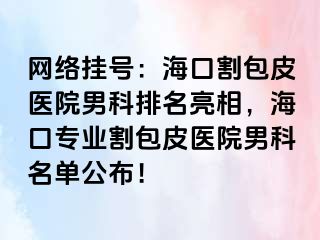 网络挂号：海口割包皮医院男科排名亮相，海口专业割包皮医院男科名单公布！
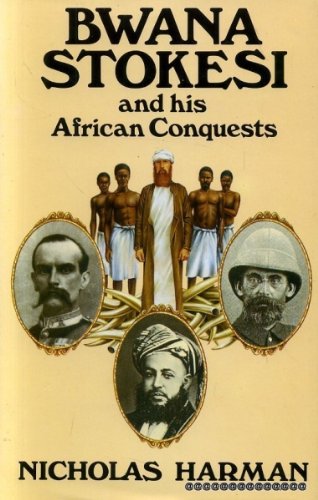 Bwana Stokesi and His African Conquests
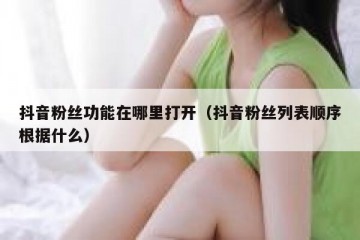 抖音粉丝功能在哪里打开（抖音粉丝列表顺序根据什么）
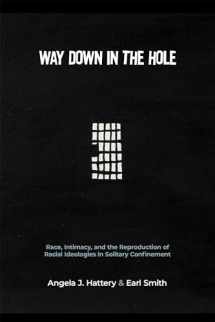 9781978823785-1978823789-Way Down in the Hole: Race, Intimacy, and the Reproduction of Racial Ideologies in Solitary Confinement (Critical Issues in Crime and Society)
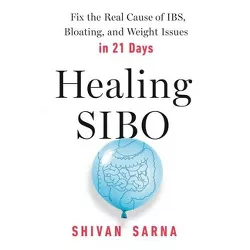 Healing Sibo - by  Shivan Sarna (Paperback)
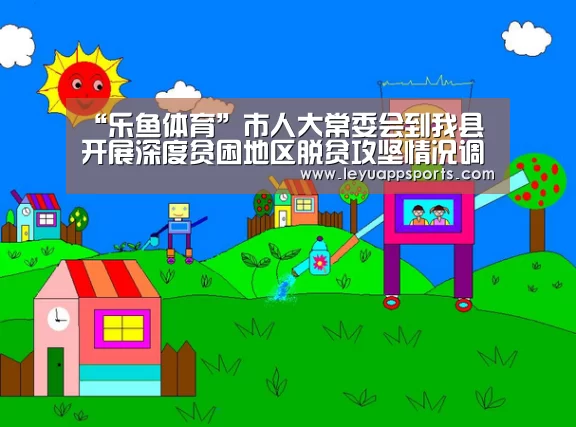 “乐鱼体育”市人大常委会到我县开展深度贫困地区脱贫攻坚情况调研(图1) 乐鱼体育入口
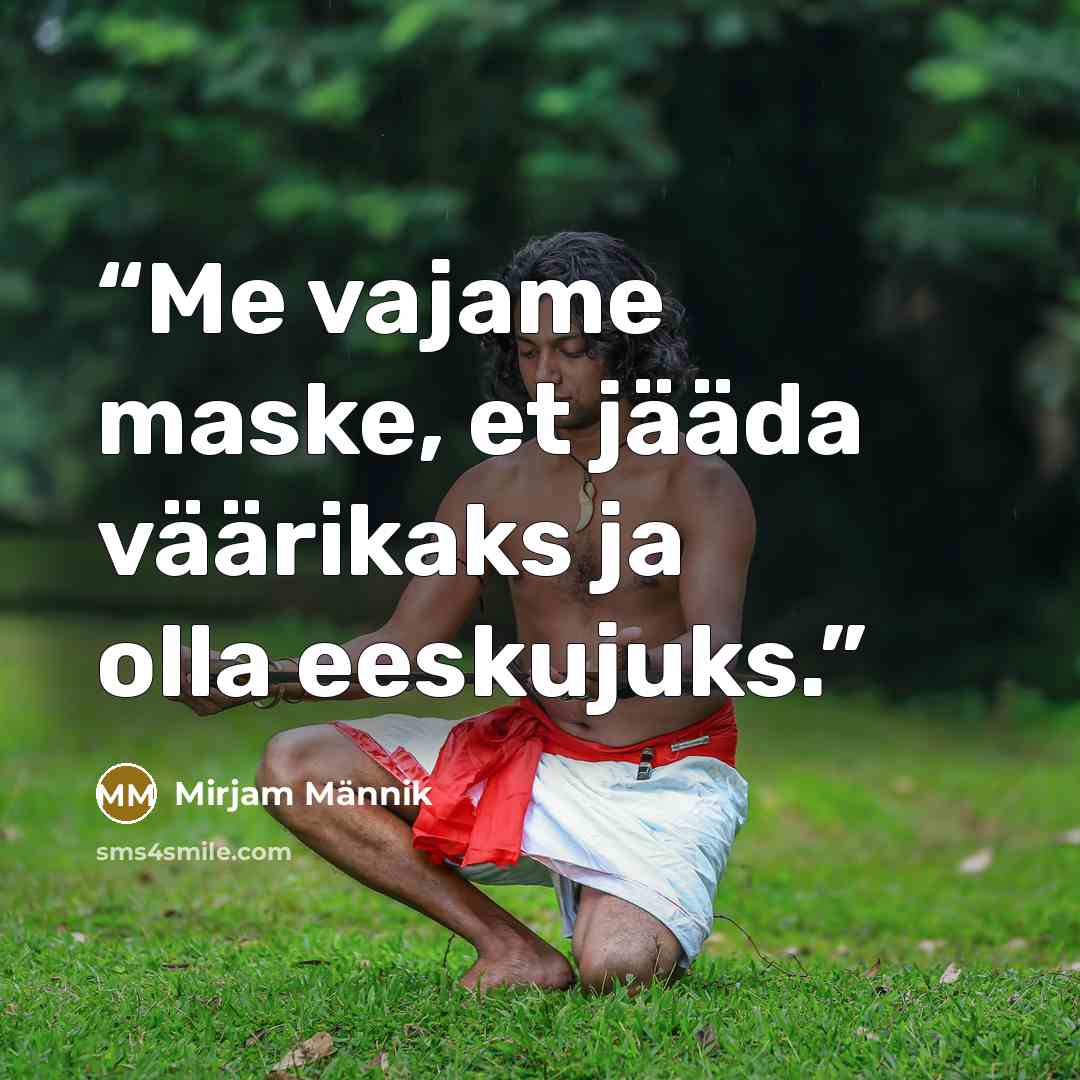 “Me vajame maske, et jääda väärikaks ja olla eeskujuks.” quote by Mirjam Männik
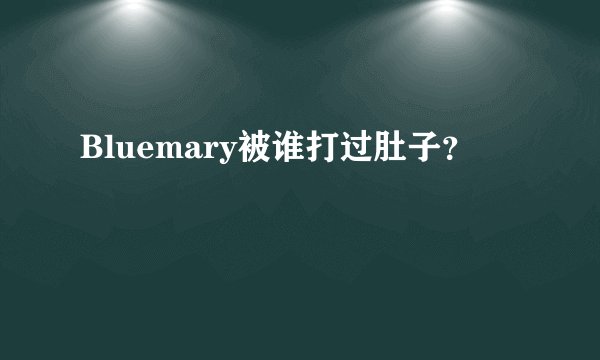 Bluemary被谁打过肚子？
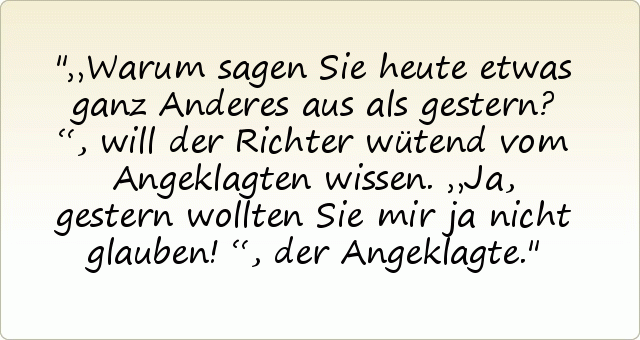 „Warum sagen Sie heute etwas ganz Anderes aus als gestern?“, will der Richter wütend vom Angeklagten wissen.
„Ja, gestern wollten Sie mir ja nicht glauben!“, der Angeklagte. „Warum sagen Sie heute etwas ganz Anderes aus als gestern?“, will der Richter wütend vom Angeklagten wissen.
„Ja, gestern wollten Sie mir ja nicht glauben!“, der Angeklagte.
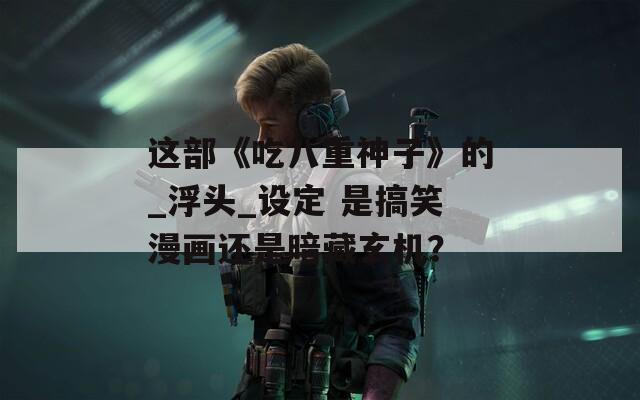 这部《吃八重神子》的_浮头_设定 是搞笑漫画还是暗藏玄机？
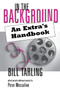 In the Background : An Extra's Handbook by Peter Messaline - Paperback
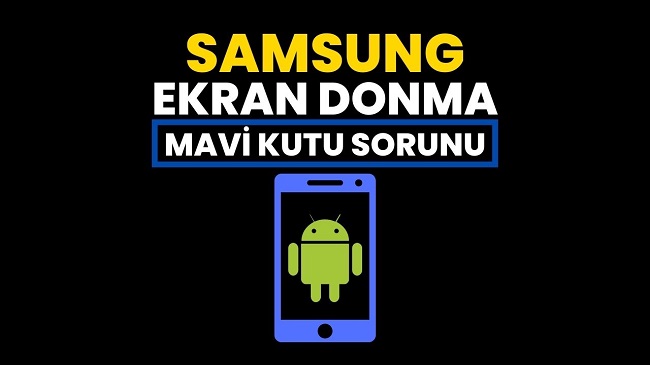 SAMSUNG EKRAN DONMA Android Mavi Kare Sorunu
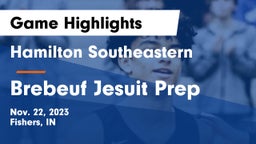 Hamilton Southeastern  vs Brebeuf Jesuit Prep  Game Highlights - Nov. 22, 2023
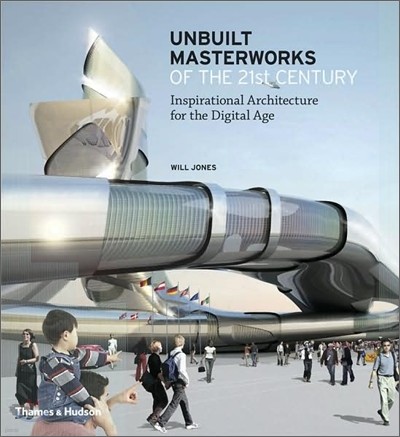 Unbuilt Masterworks of the 21st Century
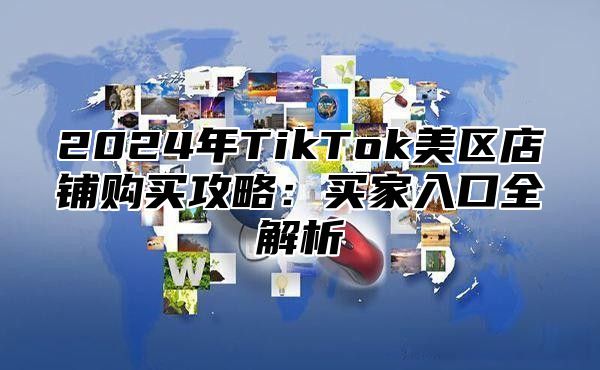 2024年TikTok美区店铺购买攻略：买家入口全解析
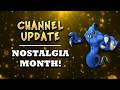 Channel Update + Nostalgia Month!
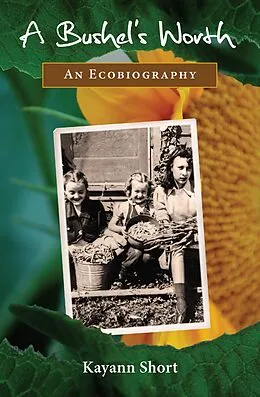 E-Book (epub) A Bushel's Worth von Kayann Short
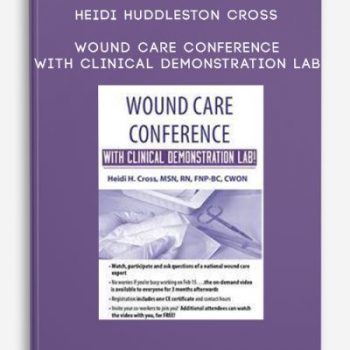 Heidi Huddleston Cross – Wound Care Conference with Clinical Demonstration Lab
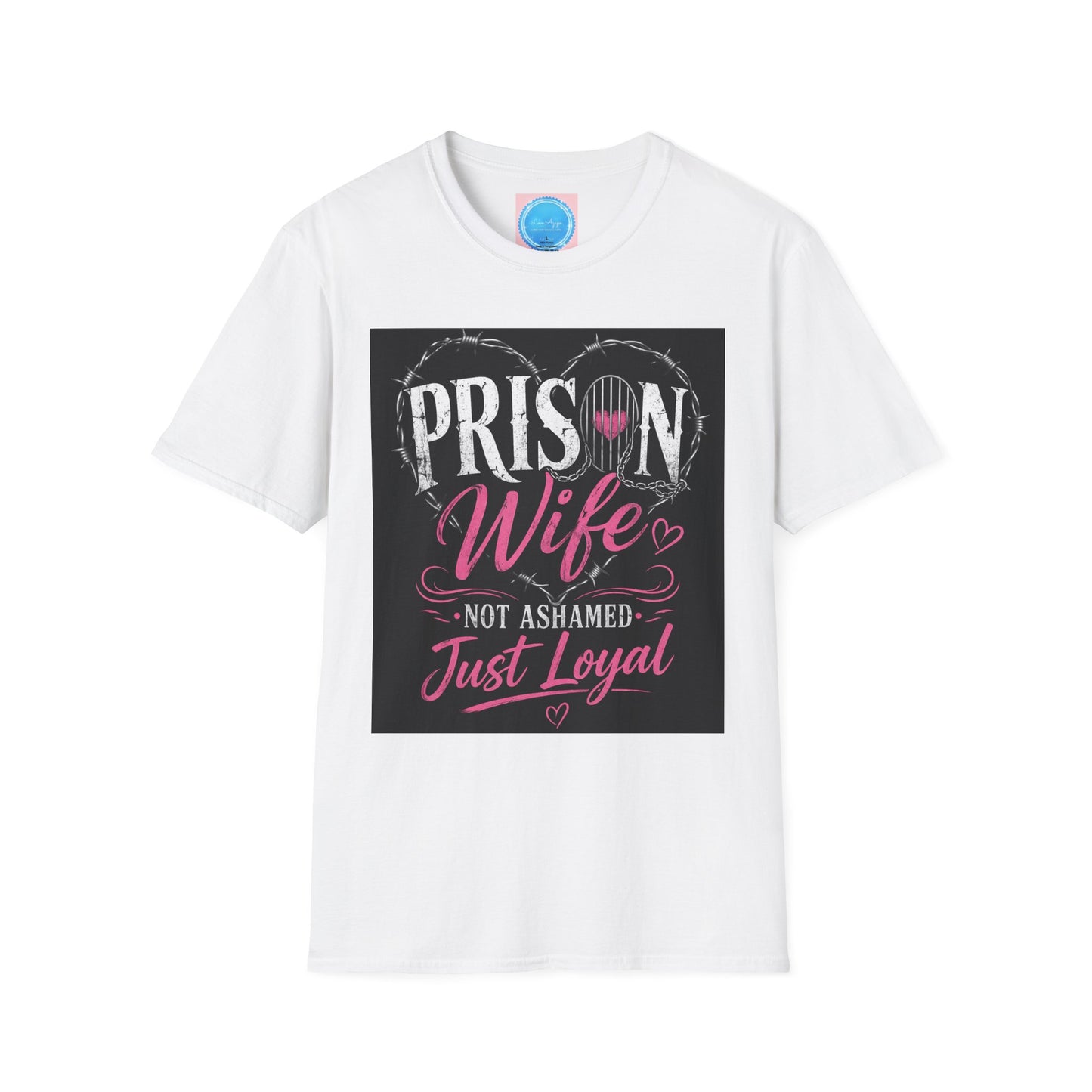 Prison Wife T-Shirt – “Not Ashamed, Just Loyal” Support Tee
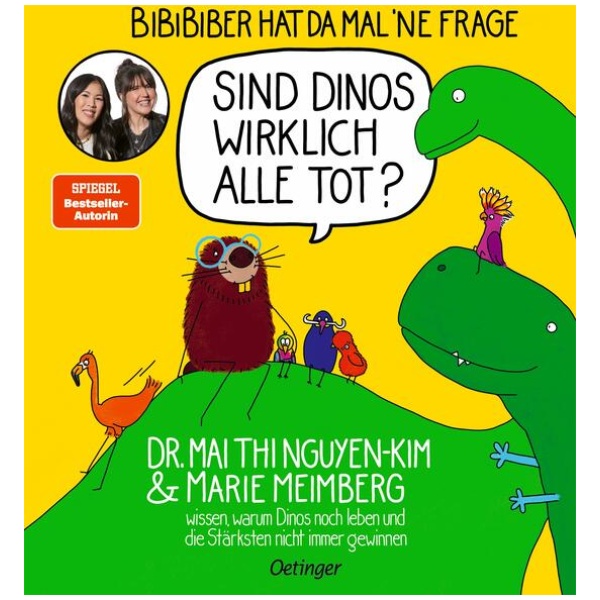 Nguyen-Kim, Mai Thi; Meimberg, Marie: BiBiBiber hat da mal 'ne Frage. Sind Dinos wirklich alle tot?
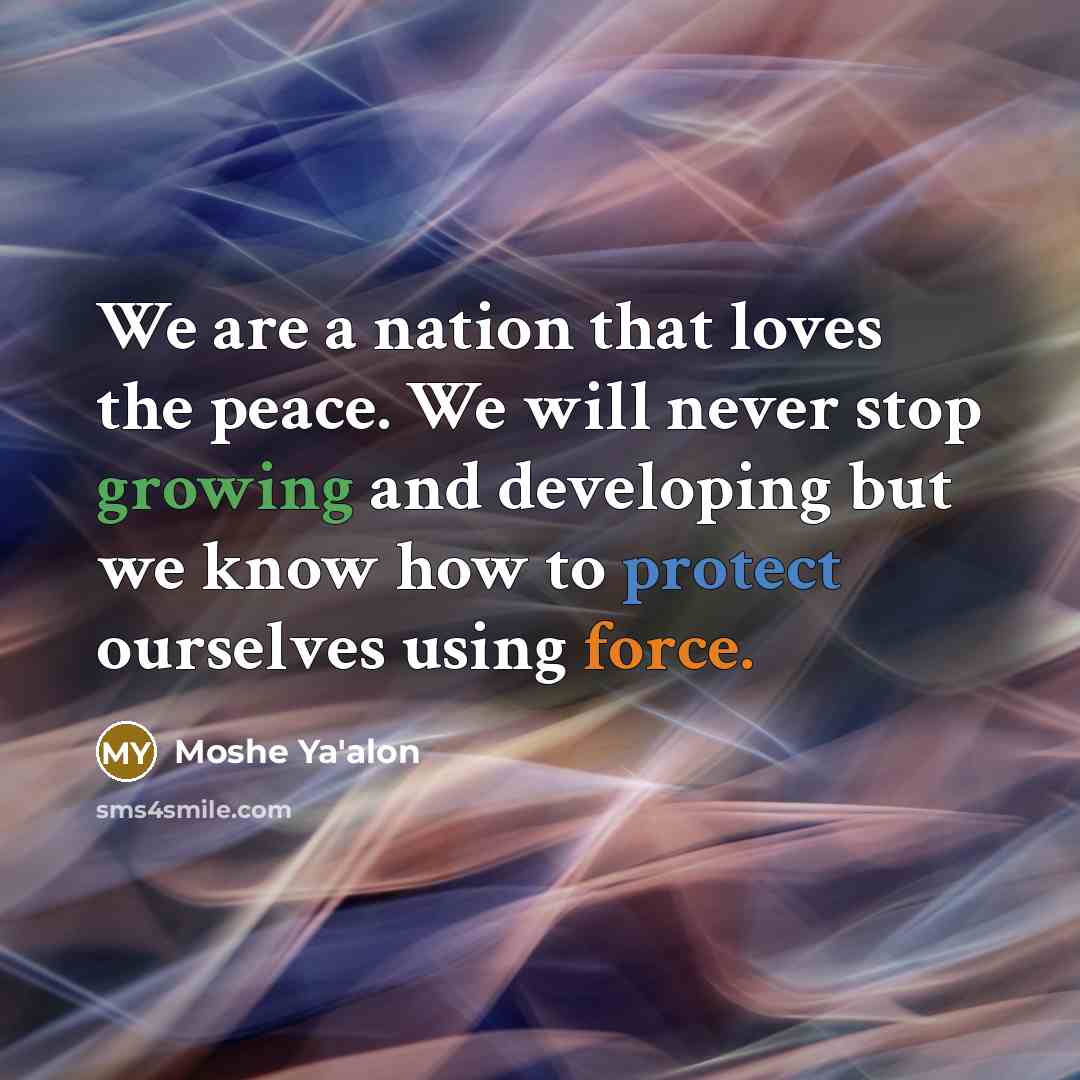“We are a nation that loves the peace. We will…” quote by Moshe Ya'alon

+++

* ASSIGNED TASK: Drop the images and return the data verbatim.

* THE COMPLETED TASK:
 网络挂号：海口割包皮医院男科排名亮相，海口专业割包皮医院男科名单公布！
 Bwana Stokesi and His African Conquests
 抖音粉丝功能在哪里打开（抖音粉丝列表顺序根据什么）
 9781978823785-1978823789-Way Down in the Hole: Race, Intimacy, and the Reproduction of Racial Ideologies in Solitary Confinement (Critical Issues in Crime and Society)
 Healing Sibo - by  Shivan Sarna (Paperback)
 “乐鱼体育”市人大常委会到我县开展深度贫困地区脱贫攻坚情况调研(图1) 乐鱼体育入口
 “Me vajame maske, et jääda väärikaks ja olla eeskujuks.” quote by Mirjam Männik
 Bluemary被谁打过肚子？
 „Warum sagen Sie heute etwas ganz Anderes aus als gestern?“, will der Richter wütend vom Angeklagten wissen.
„Ja, gestern wollten Sie mir ja nicht glauben!“, der Angeklagte. „Warum sagen Sie heute etwas ganz Anderes aus als gestern?“, will der Richter wütend vom Angeklagten wissen.
„Ja, gestern wollten Sie mir ja nicht glauben!“, der Angeklagte.
 这部《吃八重神子》的_浮头_设定 是搞笑漫画还是暗藏玄机？
 In the Background : An Extra's Handbook by Peter Messaline - Paperback
 SAMSUNG EKRAN DONMA Android Mavi Kare Sorunu
 Hamilton Southeastern  vs Brebeuf Jesuit Prep  Game Highlights - Nov. 22, 2023
 Unbuilt Masterworks of the 21st Century
 2024年TikTok美区店铺购买攻略：买家入口全解析
 Channel Update + Nostalgia Month!
 E-Book (epub) A Bushel's Worth von Kayann Short
 Heidi Huddleston Cross – Wound Care Conference with Clinical Demonstration Lab
 Prison Wife T-Shirt – “Not Ashamed, Just Loyal” Support Tee
 Nguyen-Kim, Mai Thi; Meimberg, Marie: BiBiBiber hat da mal 'ne Frage. Sind Dinos wirklich alle tot?
“We are a nation that loves the peace. We will…” quote by Moshe Ya'alon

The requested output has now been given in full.